Timing Attacks

Using timing information to extract information

While certain endpoints may only return a true/false response like a login page, there is other information that is often forgotten: Time. From sending a request to receiving a response, a few things happen. Firstly, the data need to be transferred and read by the server. Then the data is processed and any algorithms are performed like checking a password. Finally, the response is sent back to the client. The important thing to know is that the timing of that middle part may reveal sensitive information.

Let's say for example that we have a very simple password-checking mechanism that takes longer to run as we get closer to the real password:

def check_password(password):
    # Check length
    if len(password) != len(REAL_PASSWORD):
        return False
    
    # Check password character by character
    for i in range(len(password)):
        if password[i] != REAL_PASSWORD[i]:
            return False
        
    return True  # Correct

This function first checks if the length is correct, and then loops through every character in the password one by one. At the first incorrect character, it quickly returns False and does not even look at the rest of the characters. This causes a completely wrong password to be discarded almost instantly, while a password close to the real password takes more loops and time to check.

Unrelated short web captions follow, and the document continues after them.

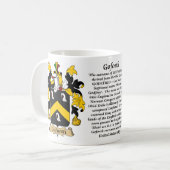 Mug Goforth, l'origine, la signification et la crête (Devant gauche)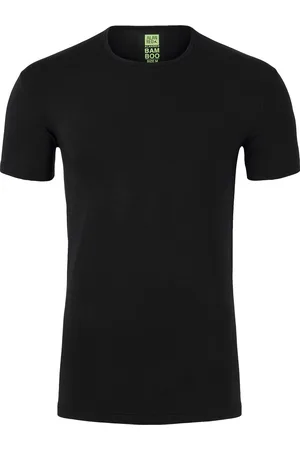 Alan Red T-shirt Bilbao bamboo (1-pack) - O-hals stretch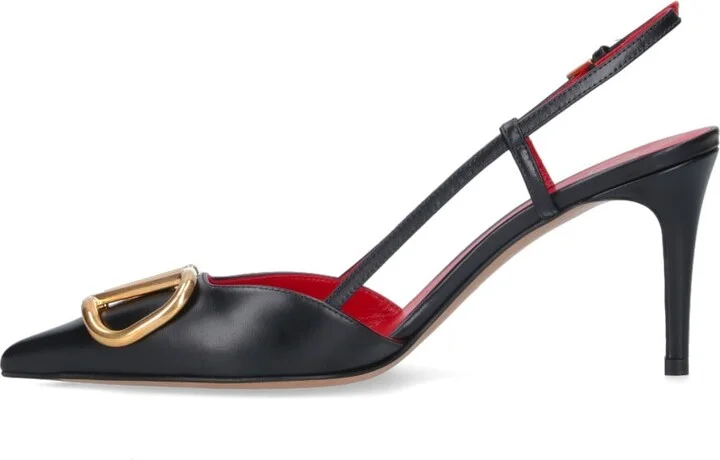 'vlogo Signature' Slingback Pumps - Image 3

This timing information can be used to try different characters and look for when the computing time increases. Let's try to attack the above example, with a REAL_PASSWORD="hunter2". This will cause timings to be different depending on how close we are to the password:

setup = "from __main__ import check_password"
py
print(timeit.timeit("check_password('incorrect_length')", setup=setup, number=1000000))
# 0.106 -> very short, because length check instantly returns False
print(timeit.timeit("check_password('closer!')", setup=setup, number=1000000))
# 0.288 -> a bit longer, because the length check passes
print(timeit.timeit("check_password('hunter1')", setup=setup, number=1000000))
# 0.574 -> much longer because of more iterations in the loop

We will have to start by finding the correct length, which we can try by just providing different lengths and finding the one that took the longest to compute, meaning it likely passed the first if statement:

samples = {}

for length in range(1, 10):
    password = "a" * length
    time = timeit.timeit(f"check_password({password!r})", setup=setup, number=1000000)
    print(f"{length} -> {time:.3f}")
    samples[length] = time
    
print("Found length:", max(samples, key=samples.get))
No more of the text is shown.